Валерий Гергиев и Мариинский театр привезли в Москву «Золото Рейна» Вагнера в концертном исполнении. Предвечерие тетралогии «Кольцо нибелунга» прозвучало как масштабная колыбельная, считает Юлия Бедерова.
В театральном формате все четыре оперы «Кольца нибелунга» единственный раз гастролировали в Москве в 2005-м, через два года после завершения работы над циклом в Мариинском театре. Первая за сто лет российская постановка всего цикла опера за оперой стала выходить в Петербурге на рубеже XX–XXI веков как рифма к прошлой постановке 1900–1905 годов. Но постановочная судьба нового цикла оказалась нелегкой.
Первоначальную европеизированную версию «Золота Рейна», первой оперы тетралогии, поставленной Йоханнесом Шаафом и Готфридом Пильцем, тогда решено было переставить заново. Потому что стало ясно: главный фокус русского «Кольца» — музыкальное качество в сочетании с циклопическими, почти абстрактными декорациями Георгия Цыпина (они появились на третьем спектакле) и режиссурой, выполненной под руководством Гергиева в роли художественного руководителя и соавтора концепции. И кто бы ни был режиссером четырех опер цикла, в истории и репертуаре Мариинки они остаются «Кольцом» Гергиева—Цыпина.
Вне сцены у отдельных частей тетралогии собственная биография. И кажется, что мариинский Вагнер в концертном исполнении ничего, кроме оформления, составить представление о котором отчасти можно по фотографиям, принципиально не теряет. Ну а пустынно-эпическую атмосферу воображаемого вагнеровского театра в удачный день одной только музыкой может создать и Гергиев.
«Золото Рейна» — самая остросюжетная опера тетралогии, где действуют боги, гномы, русалки, великаны, один полубог, одна прабогиня и ни одного человека, в концертной гергиевской версии, казалось, должна была не отпускать слушательское внимание ни на секунду. Но нынешняя гергиевская интерпретация вышла настолько плавной, приглушенной и умеренной в динамике, темпах и оркестровых красках (хотя, как это всегда бывает с мариинским Вагнером, узнаваемо суггестивной), что едва ли не детективная драма с двойным похищением, взятием заложника, обманом, убийством, грозой и перемещениями в пространстве по воде и по воздуху превратилась в колыбельную.
Впрочем, течение музыки, сглаживающее все авантюрные интриги вагнеровского оркестрового и вокального письма, менялось, когда на сцене появлялся нибелунг Альберих Владислава Сулимского.
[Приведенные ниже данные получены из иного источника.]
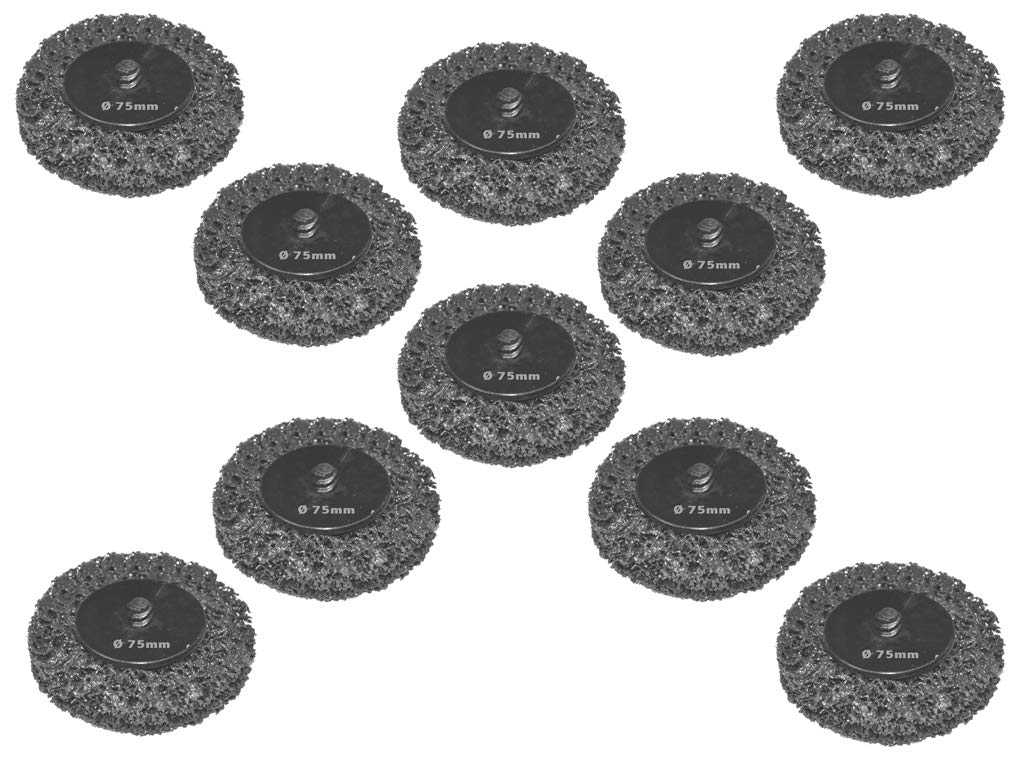 10 Stück Reinigungsscheibe mit Schnellwechselsystem - Schwarz. Grobreinigungsscheibe CSD Ø 075mm CBS Clean Strip Disc Standard Black. Nylongewebescheibe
Вокально и артистически именно его персонаж (не Логе, не Вотан, что было бы привычнее) в этом «Золоте» оказывался главным. И мощь трагедии Альбериха, выстроенная со скульптурным изяществом, добавляла трактовке всей оперы драматургическую новизну и выразительность.
Другие претенденты на главную роль в драме рядом с ним заметно меркли. И Логе Михаила Векуа становился не столько ртутно-демонической силой, сколько умелым аферистом, и Вотан Евгения Никитина с его торжественным вокальным глянцем звучал как будто отстраненно, и даже великаны, казалось, самую малость недоросли. Фрейя (Оксана Шилова), как бы ни были чудесны ее голос и стиль, оставляла братьев равнодушными, Эрда (Анна Кикнадзе) скорее не ворожила, но обстоятельно докладывала детали. А все ансамблевое течение партитуры превращалось в прозу, как будто подробно пересказывающую остроумную живую поэзию.
Только Фрика — еще один чаще второстепенный, чем главный образ — в исполнении Екатерины Семенчук составляла настоящую пару Альбериху Сулимского. И в них двоих концентрировалась вся музыкальная выразительность «Золота». Причем тем гуще и ярче, чем прозрачнее и ровнее становилась от сцены к сцене гергиевская интерпретация, которая в финале, где уже чувствовалась усталость оркестра, вдруг пришла к состоянию полного покоя и мерного благополучия.